There is very little chance of reducing the number of shots to reach the green – it’s up around the green that big shot reductions can be made.

Sim


----------



## KalEl (18 Aug 2007)

Absolutely...a two foot putt is worth the same as a 300 yard drive. Spawell driving range always amazes me...go up there and you'll see loads of people whaling away with their driver and irons in the bays. Go down to the practice bunker or out to the green beside the pitch and putt course and there's never anyone, yet this is where you make a score. One further thing...try and use the grass bays in a driving range. They're far more realistic and much better for your joints in the long term as the concrete below most mats is very bad for your body.


----------



## InfoSeeker (20 Aug 2007)

Pretend ur playing off 14 for a few weeks and try and shoot 36pts off this.
Often golf is more a mental issue than anything else, ie you are 6 above level 2s' with 4 holes to go and ur sweating.......another day you playing hopeless with 4 holes to go and ur relaxed and play the last 4 holes well.

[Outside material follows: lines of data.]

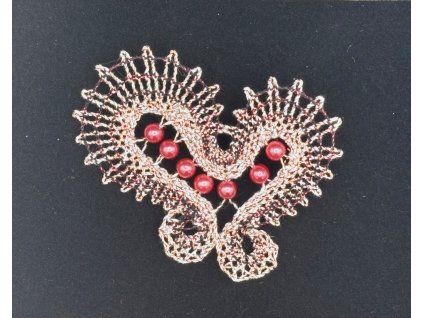 Paličkovaná brož Srdce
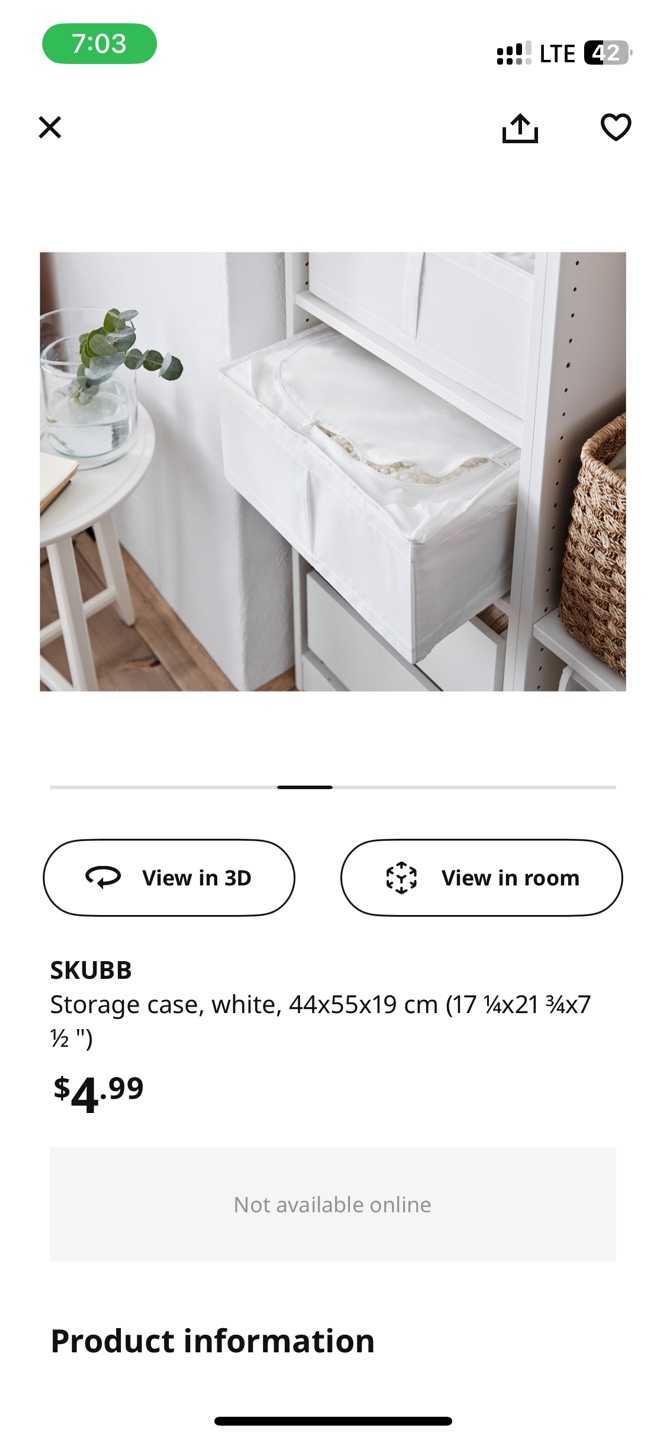 IKEA SKUBB Foldable Storage Case White×4 - photo 3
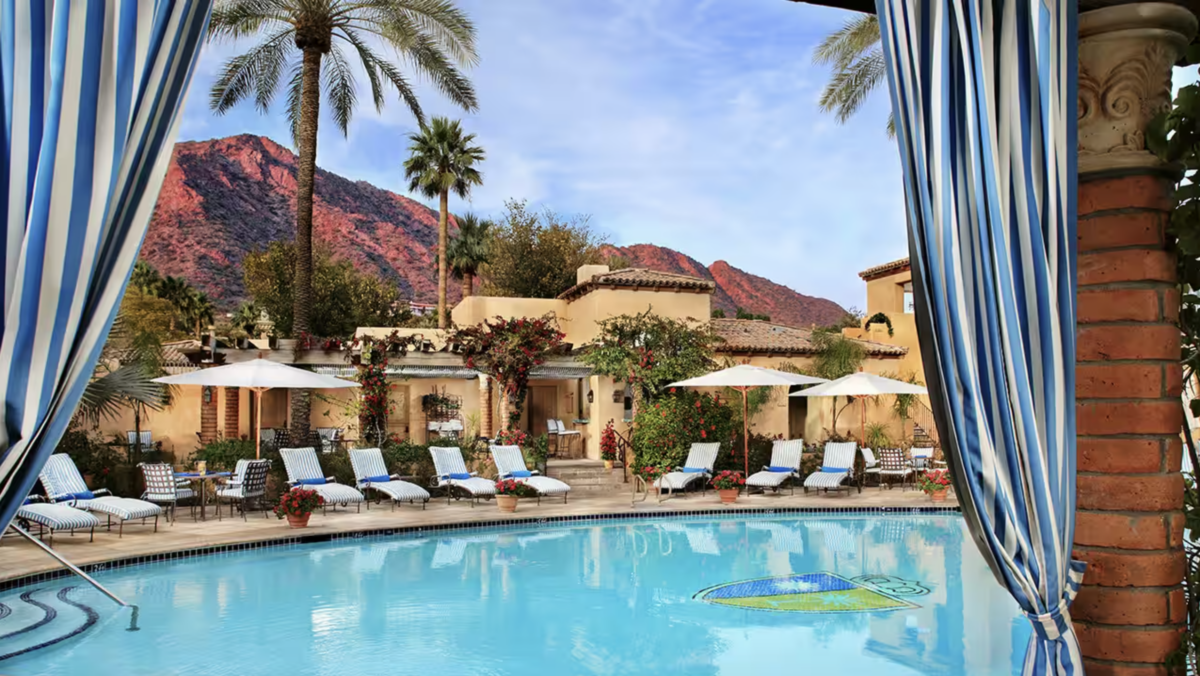 Circular pool at Royal Palms Resort in Scottsdale, AZ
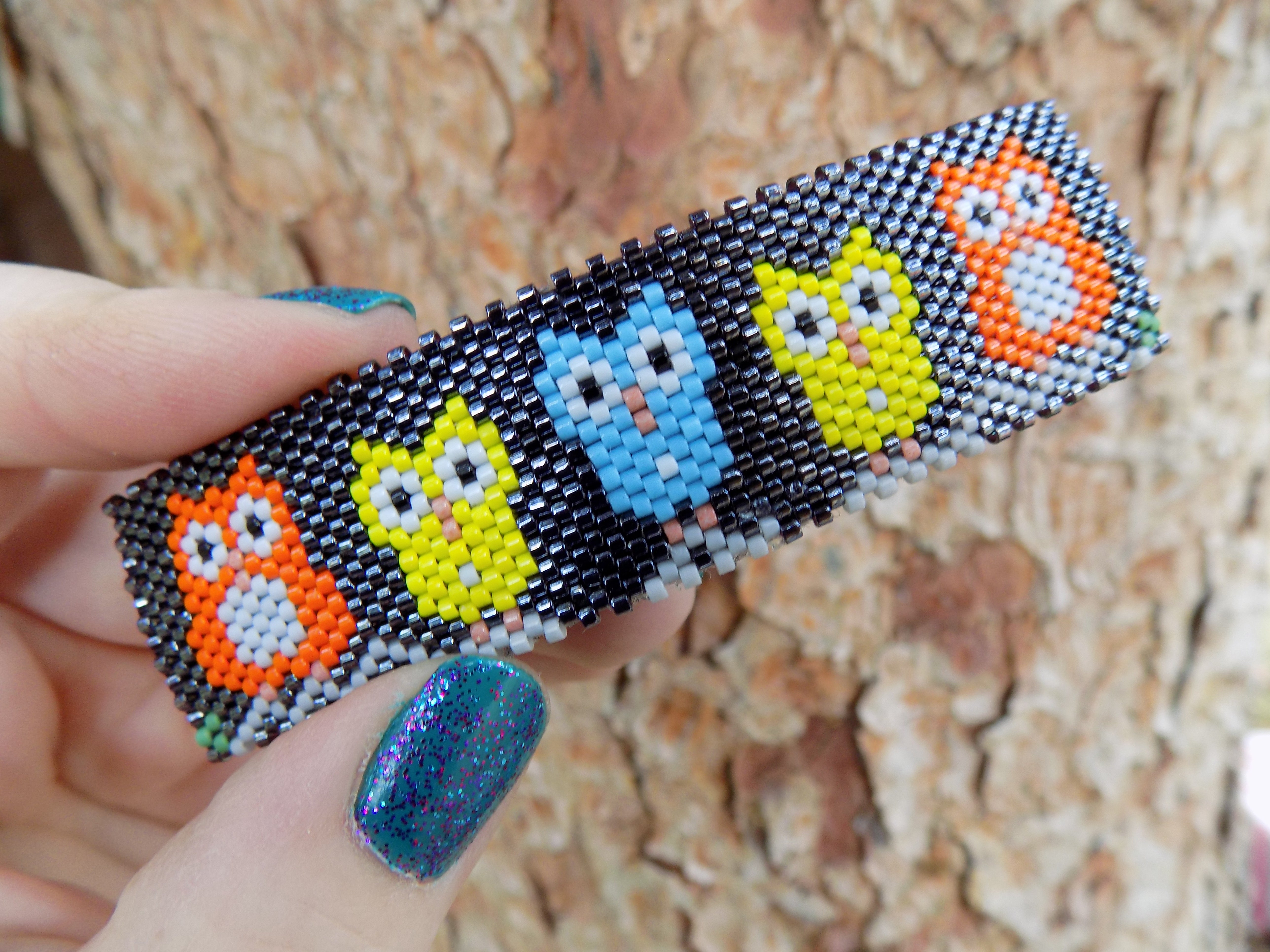 Bright Gamer Owls Cute Handcrafted Beaded Large Barrette in Yellow, Orange and Turquoise with Authentic French Clip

It sounds easy but it is so so difficult to do.

The short game is where you will reduce your handicap.

I played Pitch & Putt from 10yrs of age and played everyday, took up golf at 14 and in just over a year I was off 5 handicap even though I could not drive.......n years on I am still off 5 handicap and now I cannot pitch & putt as I gave it up when I was 16


----------



## BobbyFowler (21 Aug 2007)

I was kidding on the Excel Spreadsheet thing.  A 2nd card sounds good. Went out on Sat & got my 38 pts.  Didn't mark up all the stats though.  One thing I did notice was that when I pitched low onto the green I was always going too far past for an easy putt.  I'll take out that 2nd card next time.


----------



## KalEl (21 Aug 2007)

BobbyFowler said:


> I was kidding on the Excel Spreadsheet thing. A 2nd card sounds good. Went out on Sat & got my 38 pts. Didn't mark up all the stats though. One thing I did notice was that when I pitched low onto the green I was always going too far past for an easy putt. I'll take out that 2nd card next time.


 
You should probably look at getting a lob wedge then...plus it's evidence that your short game is somewhere you can save a few more strokes. Had you got up and down those times you might have got 40 points or more.


----------



## rugbyjackol (21 Aug 2007)

The Pro in Limerick County Golf Club is excellent. Supplying  clubs custom fitted and with all the hi-Tech equipment to advise and gives great lessons. Reasonable rates too and the service is  second to  none.


----------



## droileen (21 Aug 2007)

I got a set of GENEX clubs a year or two ago & they have made a huge difference (better) to my game.  The woods are like "rescue clubs" and are very easy to use both off the Tee box & the fairway.

The irons are "filled-in" at the cavity and are easy to use & make sweet contact with the ball.

They are only supplied from 5 iron to pitching wedge (no sand iron).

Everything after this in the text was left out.